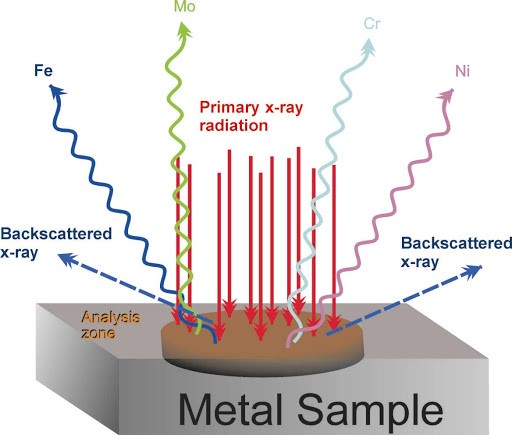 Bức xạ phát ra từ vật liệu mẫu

——

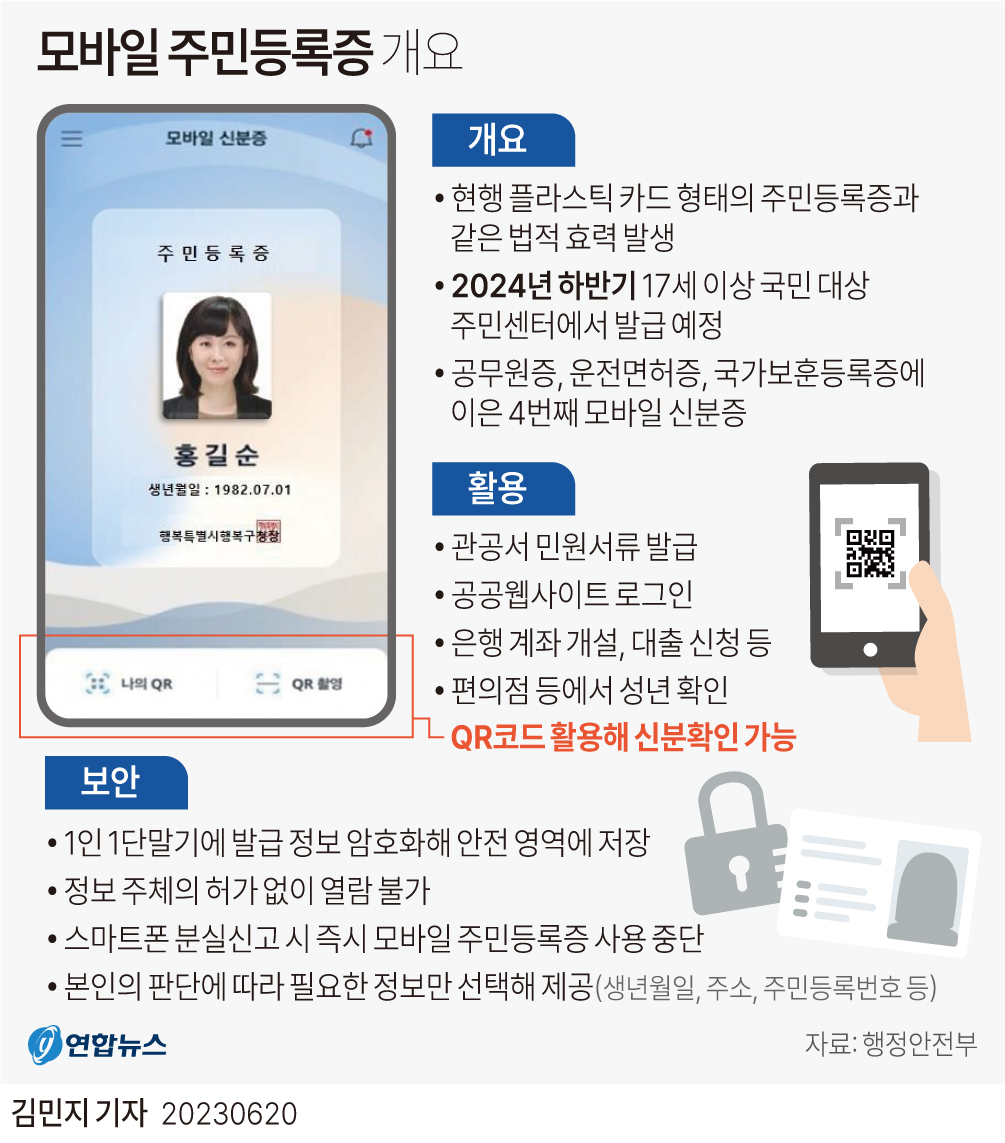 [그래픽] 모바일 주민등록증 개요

——

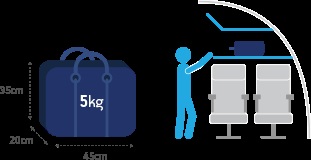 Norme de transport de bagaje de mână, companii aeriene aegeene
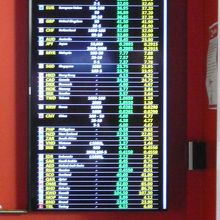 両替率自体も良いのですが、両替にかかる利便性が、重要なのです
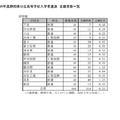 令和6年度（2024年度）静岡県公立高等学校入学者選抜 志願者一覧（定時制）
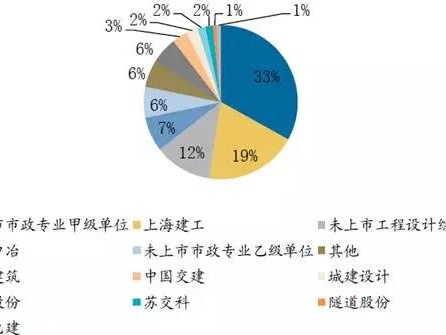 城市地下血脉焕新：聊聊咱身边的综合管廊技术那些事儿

——

**Task item**
Copy nothing but the lines above from the one with "令和6年度（2024年度）静岡県公立高等学校入学者選抜 志願者一覧（定時制）" to the one with "城市地下血脉焕新：聊聊咱身边的综合管廊技术那些事儿", inclusive, word for word. Leave every picture out.

**Result of the task**
 令和6年度（2024年度）静岡県公立高等学校入学者選抜 志願者一覧（定時制）
 城市地下血脉焕新：聊聊咱身边的综合管廊技术那些事儿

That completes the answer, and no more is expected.